Several California laws provide for public access to government documents and meetings. The Ralph M. Brown Act of 1953 requires local government meetings to be open, the Bagley-Keene Open Meeting Act of 1967 requires state board and commission meetings to be open, and the California Public Records Act of 1968 grants citizens the right to copies of government documents.

But proponents of the Sunshine Amendment say Californians’ rights to government records and meetings have been chipped away over the years by legislative acts, executive orders, court decisions, and public officials’ refusals to hand over documents. The biggest problem, they say, is that when officials deny access, citizens’ only option is to sue, a measure few can afford. And when lawsuits are filed, courts often decide in favor of the government.

Enshrining the right to access government information in the California Constitution would make important strides toward correcting these problems, Proposition 59 proponents say. It would send a message to judges that Californians value government access, they say. “Prop 59 can be fairly seen as a set of instructions to judges, and the key instruction is that the obligation to disclose has to be interpreted broadly and the ability to withhold has to be interpreted narrowly,” said Peter Scheer, executive director of the California First Amendment Coalition.

If the Sunshine Amendment passes, “hopefully judges will be deciding these cases more often in favor” of the public and press, Scheer said. A constitutional right is given the most weight when compared with other laws, such as those that protect government privacy. When courts rule in favor of the person trying to access government documents, the government agency has to pay the plaintiff’s attorney’s fees.

The acts that grant access can easily be changed by a majority of the legislature, which has caused public access rights to be watered down over the last decade, said Scheer. “When they’re in the constitution, it’s very, very difficult to weaken these protections – the only way is by amending the state constitution,” he said. In addition, all new state laws and regulations would have to conform to the Sunshine Amendment.

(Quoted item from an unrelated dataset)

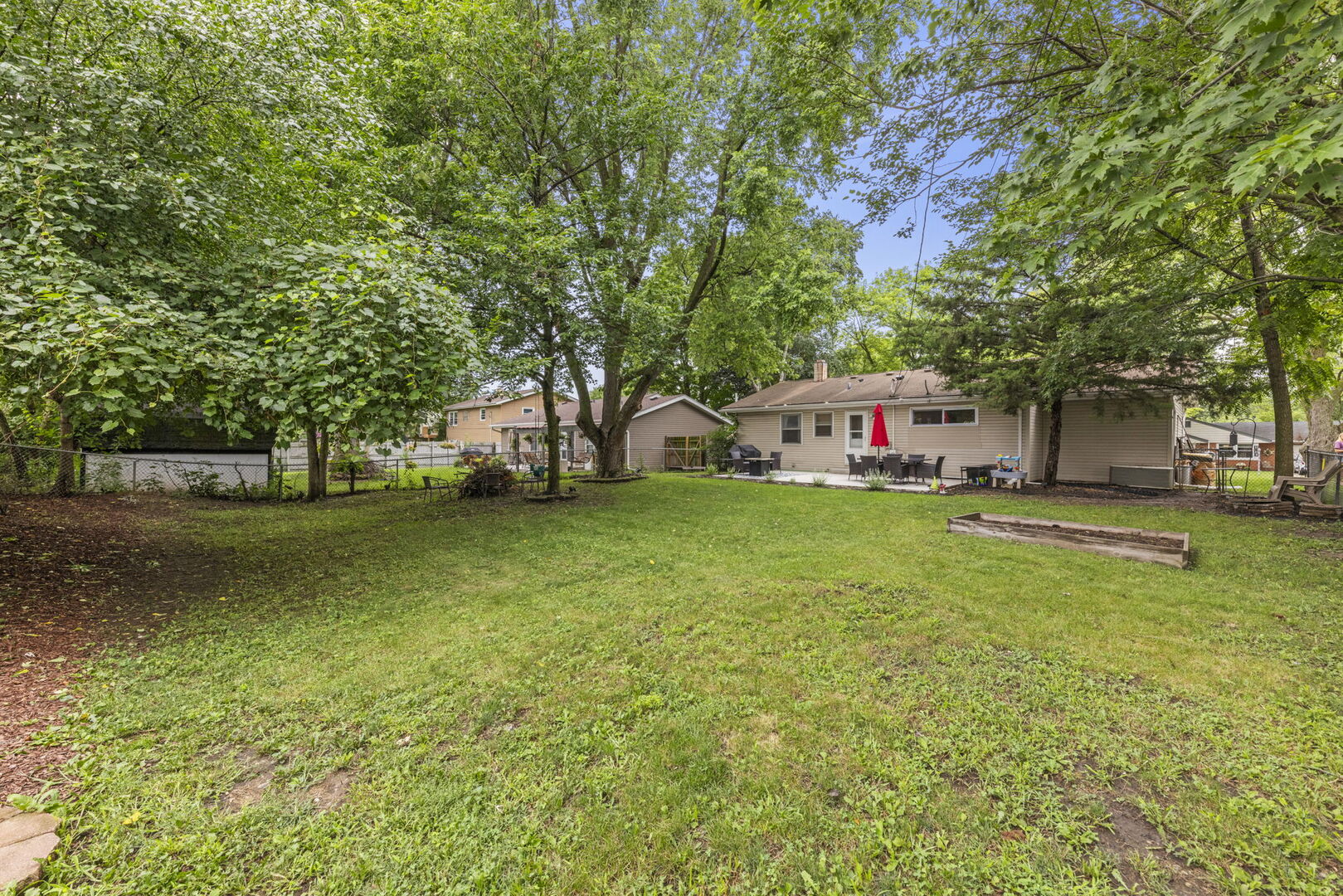 203 Lilac Lane, North Aurora, IL 60542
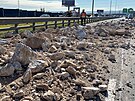 Z pevráceného kamionu se na dálnici Praského okruhu vysypalo kamení....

Proponents say placing the issue on the state ballot will increase public awareness of the problem. “The reality is if people know about it because they’ve heard about it on an initiative, it receives substantially more attention,” said Thomas Burke, a First Amendment lawyer at Davis Wright Tremaine LLP and a media law instructor at the University of California, Berkeley Graduate School of Journalism.

As a result, citizens will be more confident and persistent in their efforts to obtain government documents, according to the Coalition for Open Government, a group of organizations that support Proposition 59 including the California First Amendment Coalition, the California Newspaper Publishers Association, and the League of Women Voters of California.

The proposition has one very significant loophole – when writing the amendment, the legislature excluded itself from those government bodies required to release records and open meetings. “It’s a terrible loophole, but unfortunately the legislature, which is very irresponsible in a whole lot of ways, exempts itself from every requirement you can think of,” Scheer said. Some proponents say the exemption was the only way to get the proposition on the ballot, and they hope future laws will apply the open government rules to the legislature.

The amendment faces no organized opposition. It passed unanimously in the state legislature. No major polls have covered Proposition 59, but most analysts believe it will do well at the ballot box. Even the writer of the official ballot argument in opposition to the proposition, Mountain View attorney Gary B. Wesley, is voting for it.

His argument, which he said he wrote in the spirit of voter education, said the proposition doesn’t go far enough toward opening government. “The question is whether you want to let the air out of the balloon for change by voting this in, because you’ll never get anything else. I will personally vote for it because I think it’s all we can get,” he said.

“The good news is the subject of access and representative government is the first one on the ballot, so hey, we’ve made some progress,” he said.